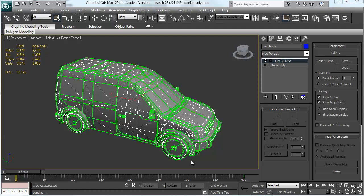So today I'm going to be walking through how to set up a turntable to render a video of an object which is rotating. I'll be using the Quicksilver renderer which is new to 3ds Max 2011 because it offers a very fast render time.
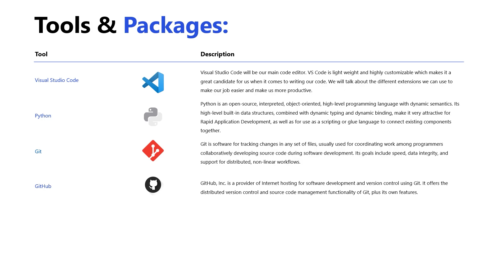So what are some of the tools that we're going to be using in this series? Well, probably the first thing that we want you to get familiar with is something where you can write your code. There's many applications out there that you can use to write your code. In fact, you can even use an application like Notepad, a text editor. You're really not limited. You just need something where you can write your code. However, what you're going to find is that certain applications are going to offer more features that make writing that code easier. One of those applications is called Visual Studio Code.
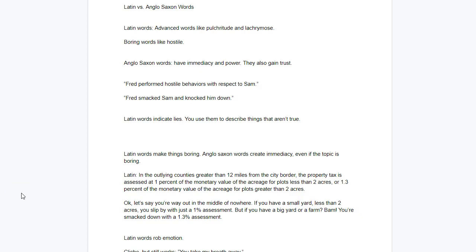All right, you already know about Latin versus Anglo-Saxon words from some of the earlier videos. But to review, the English language has two distinct sources. One is Latin, one is Anglo-Saxon. Latin is a high and complex language, Anglo-Saxon - that's where we get our simple words.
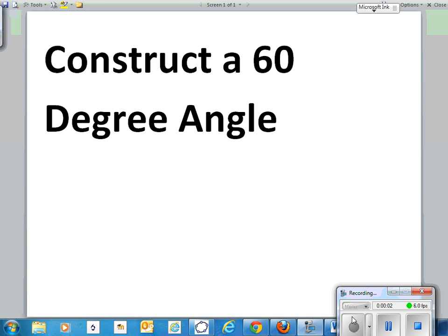Hi, this is Mr. Shumway. This video clip explains how to construct a 60 degree angle, one way anyways.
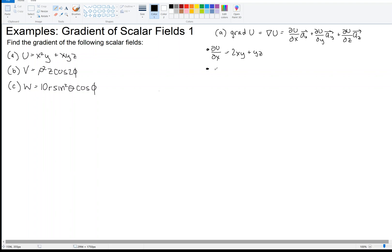Now we take the partial derivative with respect to Y. Y is the variable and everything else, including the X's, is constant. So the first term X squared Y gives us X squared, and the second term XYZ gives us XZ. Then taking the partial derivative with respect to Z: the first term X squared Y has no Z, so its derivative is zero, and the derivative of XYZ with respect to Z is just XY.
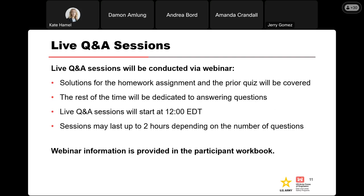A live question and answer session is going to be conducted via webinar to conclude each module. I'll go through the solutions for the homework assignment and then the rest of the time will be dedicated to answering questions from participants. All these sessions are going to start at noon Eastern time — I've got them scheduled up to two hours, but whether we go one hour or two depends on the number of questions. If you have a conflict and cannot participate in the live session, that's okay — the recordings will be posted to the website.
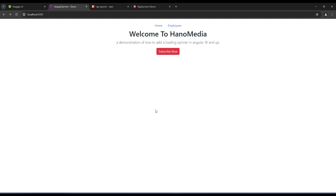Hello my friends, and welcome. In this video I'm going to show you how to add the loading indicator in your Angular application. In the demonstration I'm going to show you, I'm using Angular 18, and it doesn't matter which version of Angular you are using — the processes and steps will work on any version.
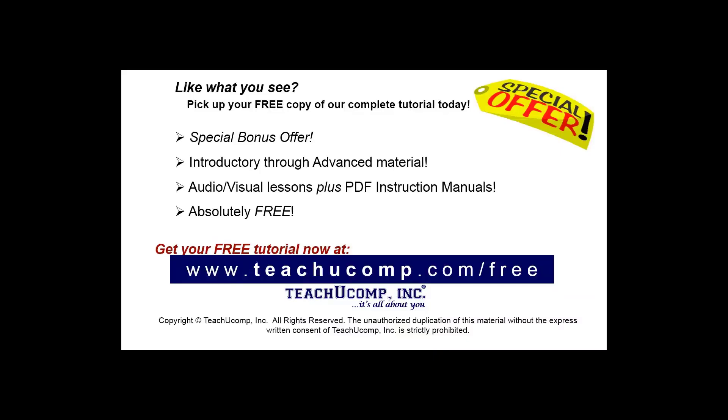Like what you see? Pick up your free copy of the complete tutorial at www.teachyoucomp.com forward slash free.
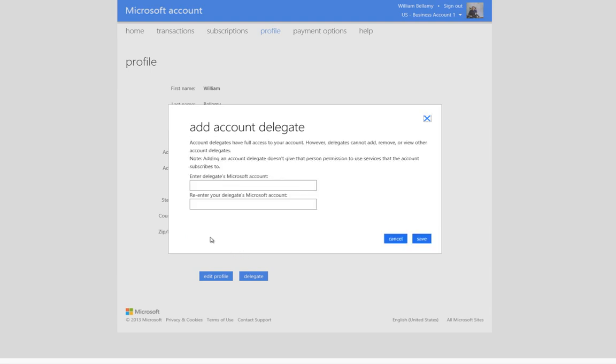The Account Delegate feature is documented as follows. Account delegates have full access to your account. However, delegates cannot add, remove, or view other account delegates.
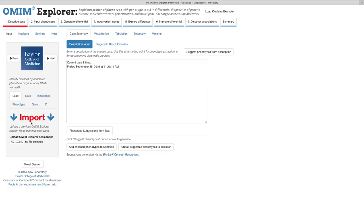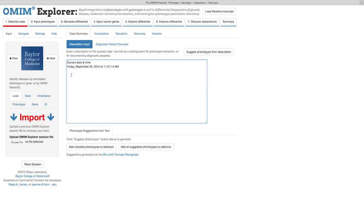But since we're creating a session from scratch, let's begin by entering some text into the description box. For the purposes of this tutorial, I've chosen Kleefstra syndrome as an example case and have spiked a known causal EHMT1 variant for the syndrome into a filtered version of a healthy individual's exome VCF, made publicly available by Manuel Corpas, the individual himself.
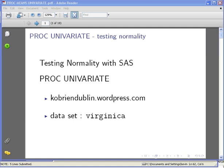In this presentation, we're going to look at how to test normality with SAS. In particular, we're going to use the PROC UNIVARIATE procedure.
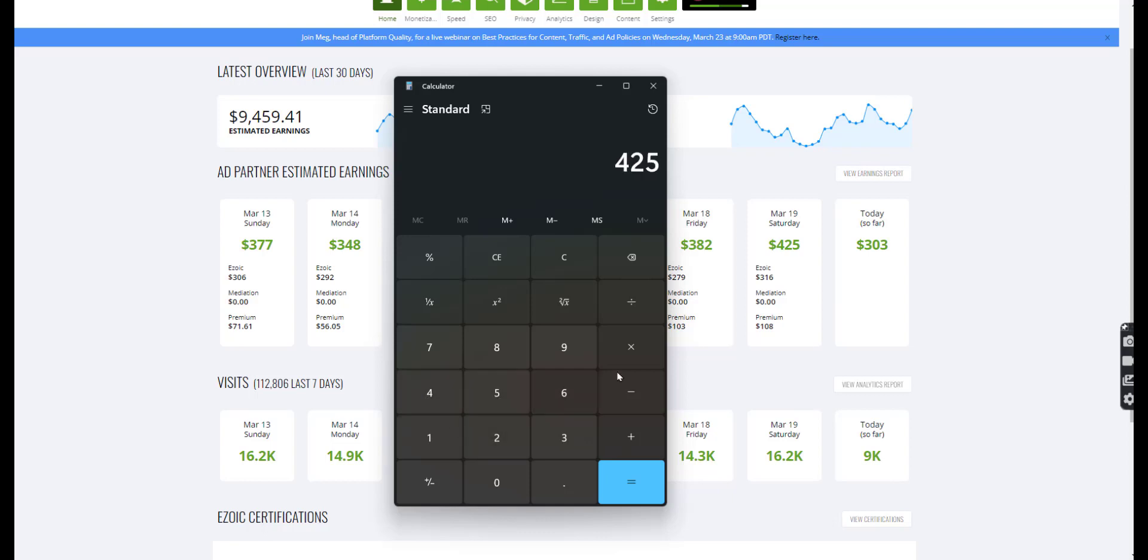Well, you can make $425 times maybe average of 30 days. That's $12,750.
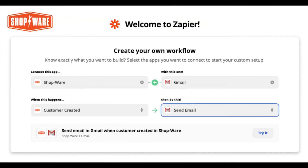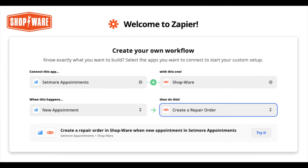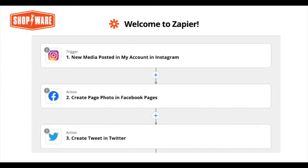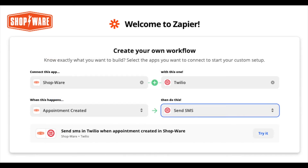For example, you might wish to have Gmail send a welcome email when a new customer is created in Shopware, or have a repair order generated when an appointment is created on Setmore. Update customer information in HubSpot when updated in Shopware. Share your Instagram posts on Facebook, then post the same on Twitter. Send a text message when an appointment is updated in Shopware.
==================================================
Work to complete = Extract the part of the records that opens with the line containing "All right, you" and closes with the line containing "Like what you". Take only those lines, exactly, and no pictures.

Output of the task =
All right, you already know about Latin versus Anglo-Saxon words from some of the earlier videos. But to review, the English language has two distinct sources. One is Latin, one is Anglo-Saxon. Latin is a high and complex language, Anglo-Saxon - that's where we get our simple words.
Hi, this is Mr. Shumway. This video clip explains how to construct a 60 degree angle, one way anyways.
Now we take the partial derivative with respect to Y. Y is the variable and everything else, including the X's, is constant. So the first term X squared Y gives us X squared, and the second term XYZ gives us XZ. Then taking the partial derivative with respect to Z: the first term X squared Y has no Z, so its derivative is zero, and the derivative of XYZ with respect to Z is just XY.
A live question and answer session is going to be conducted via webinar to conclude each module. I'll go through the solutions for the homework assignment and then the rest of the time will be dedicated to answering questions from participants. All these sessions are going to start at noon Eastern time — I've got them scheduled up to two hours, but whether we go one hour or two depends on the number of questions. If you have a conflict and cannot participate in the live session, that's okay — the recordings will be posted to the website.
Hello my friends, and welcome. In this video I'm going to show you how to add the loading indicator in your Angular application. In the demonstration I'm going to show you, I'm using Angular 18, and it doesn't matter which version of Angular you are using — the processes and steps will work on any version.
Like what you see? Pick up your free copy of the complete tutorial at www.teachyoucomp.com forward slash free.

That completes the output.